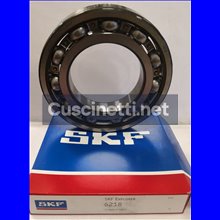6218 SKF 90x160x30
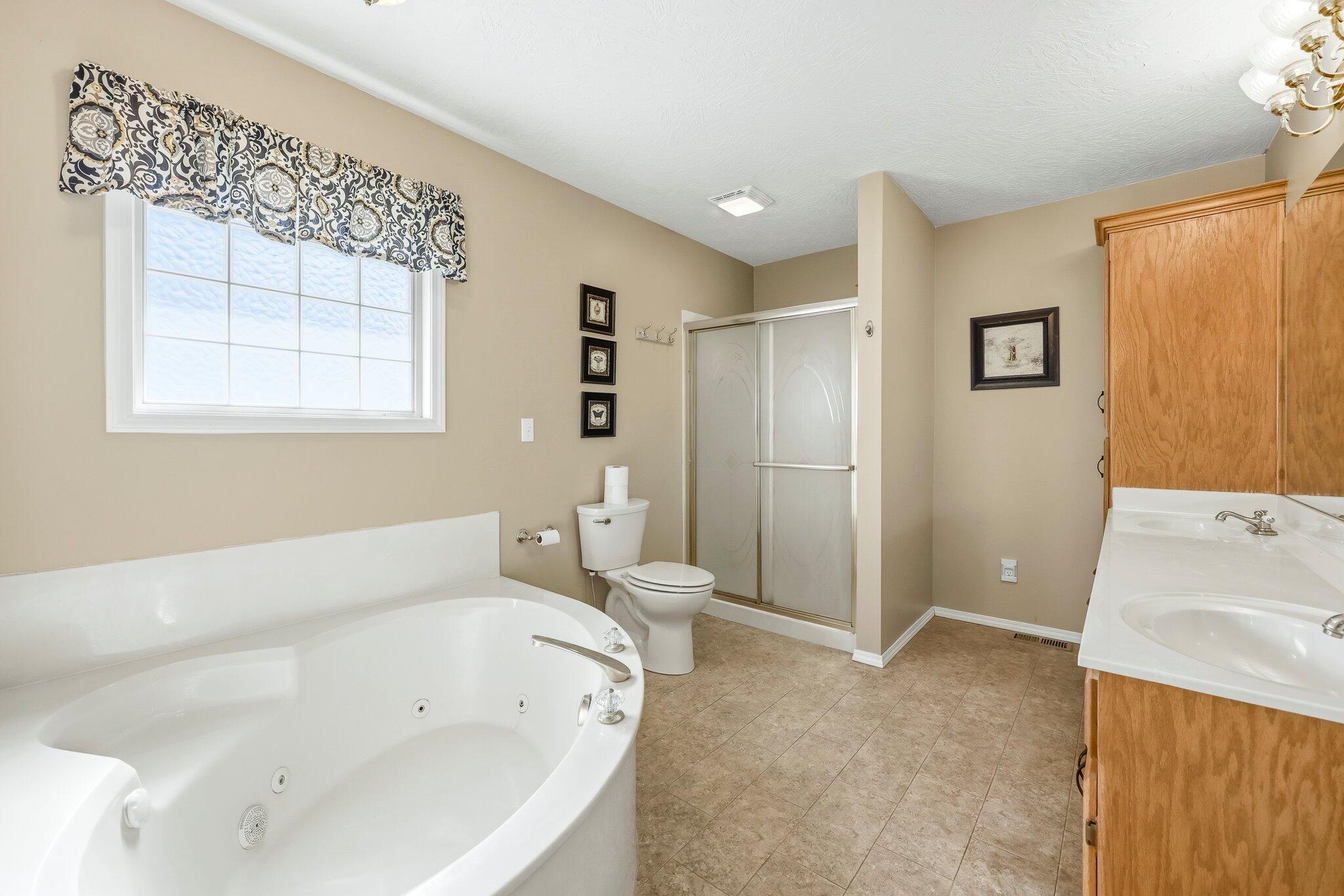 475 Mockingbird Ridge Property Photo 16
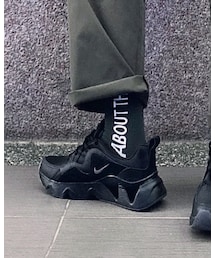 NIKE | スニーカー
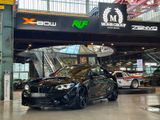 BMW MANHART MH2 500/500 PS & 680 NM/MWST. AUSWEISBAR - BMW M2 in München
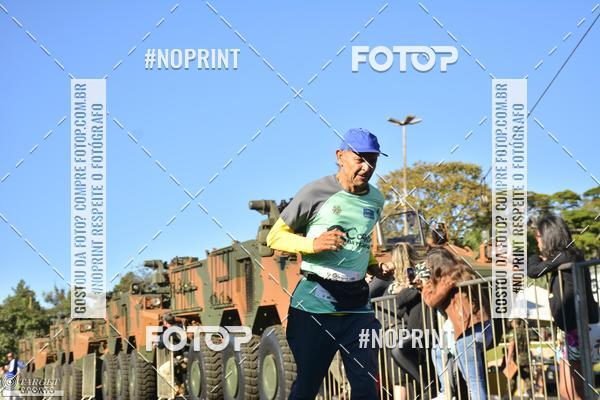 Buy your photos of the eventCorrida da infantaria do 36� BI Mec on Fotop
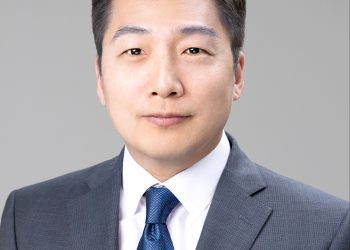 [2024년 신년사] 민주평화통일자문회의 휴스턴협의회장 김형선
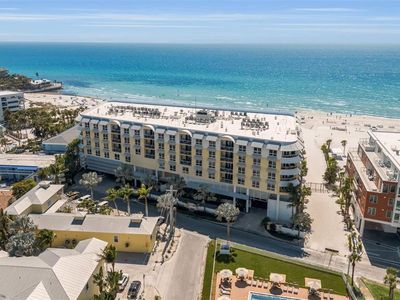 915 Seaside Dr Ste 310, Sarasota, FL, 34242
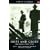 Hope and Glory: Britain, 1900-90 (The Penguin History of Britain)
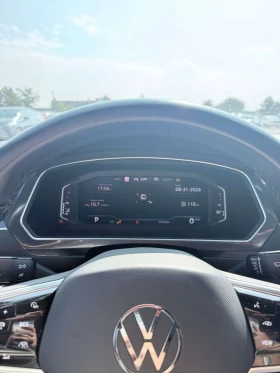 VW Tiguan * Highline R Line * CARFAX * ��� ������������ ���� | Mobile.bg � ����� ������ 17
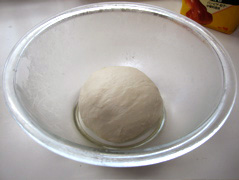 e0021328_23403820.jpg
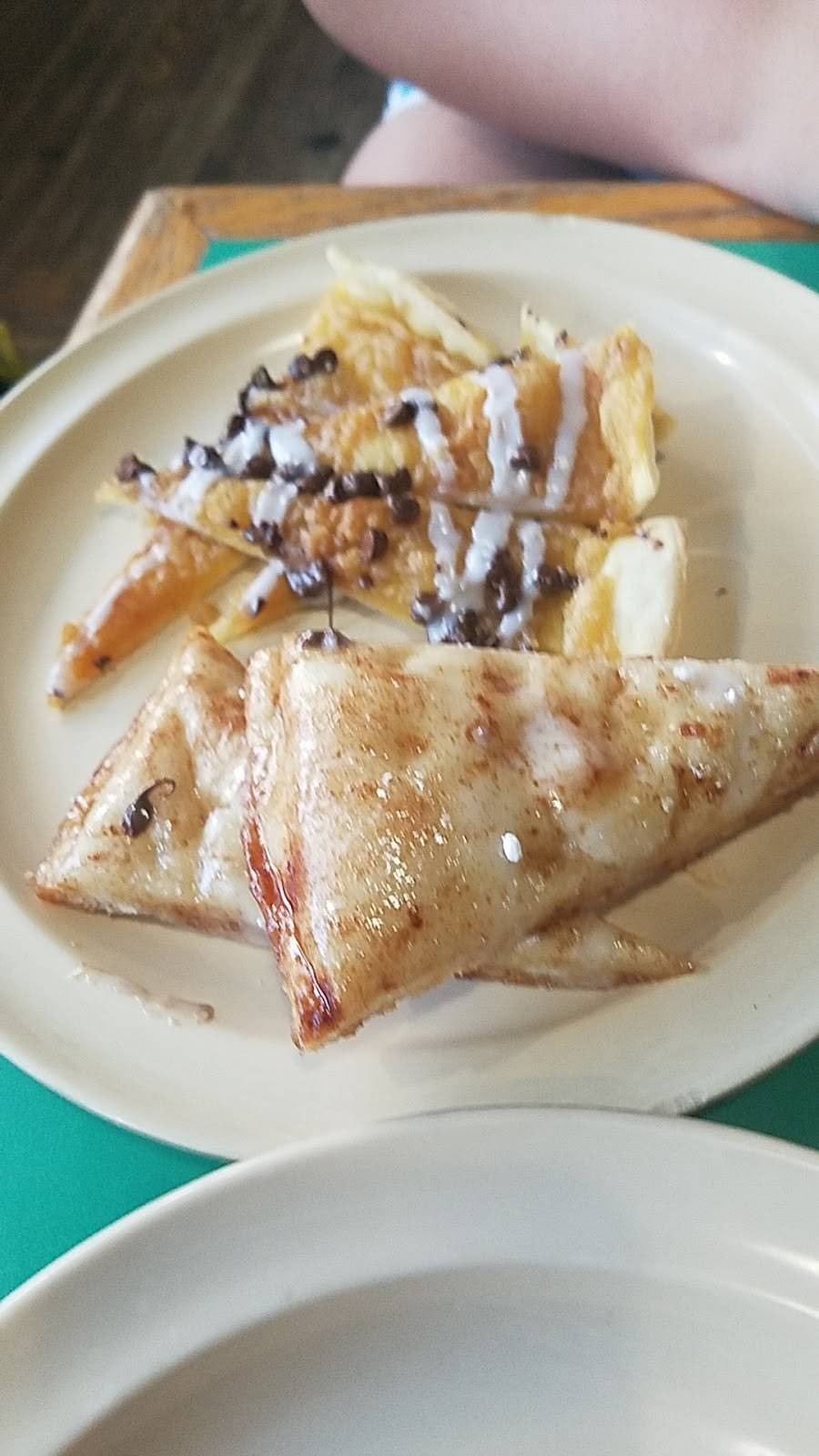 DoubleDaves | restaurant | 7312 Louetta Rd, Spring, TX 77379, USA | 2813703283 OR +1 281-370-3283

----------------------------------------

== Task goal ==
Your reply should hold only the lines running from the one with "475 Mockingbird Ridge Property Photo 16" to the end of the data above, set down exactly, pictures omitted.

== Answer area ==
 475 Mockingbird Ridge Property Photo 16
 NIKE | スニーカー
 BMW MANHART MH2 500/500 PS & 680 NM/MWST. AUSWEISBAR - BMW M2 in München
 Buy your photos of the eventCorrida da infantaria do 36� BI Mec on Fotop
 [2024년 신년사] 민주평화통일자문회의 휴스턴협의회장 김형선
 915 Seaside Dr Ste 310, Sarasota, FL, 34242
 Hope and Glory: Britain, 1900-90 (The Penguin History of Britain)
 VW Tiguan * Highline R Line * CARFAX * ��� ������������ ���� | Mobile.bg � ����� ������ 17
 e0021328_23403820.jpg
 DoubleDaves | restaurant | 7312 Louetta Rd, Spring, TX 77379, USA | 2813703283 OR +1 281-370-3283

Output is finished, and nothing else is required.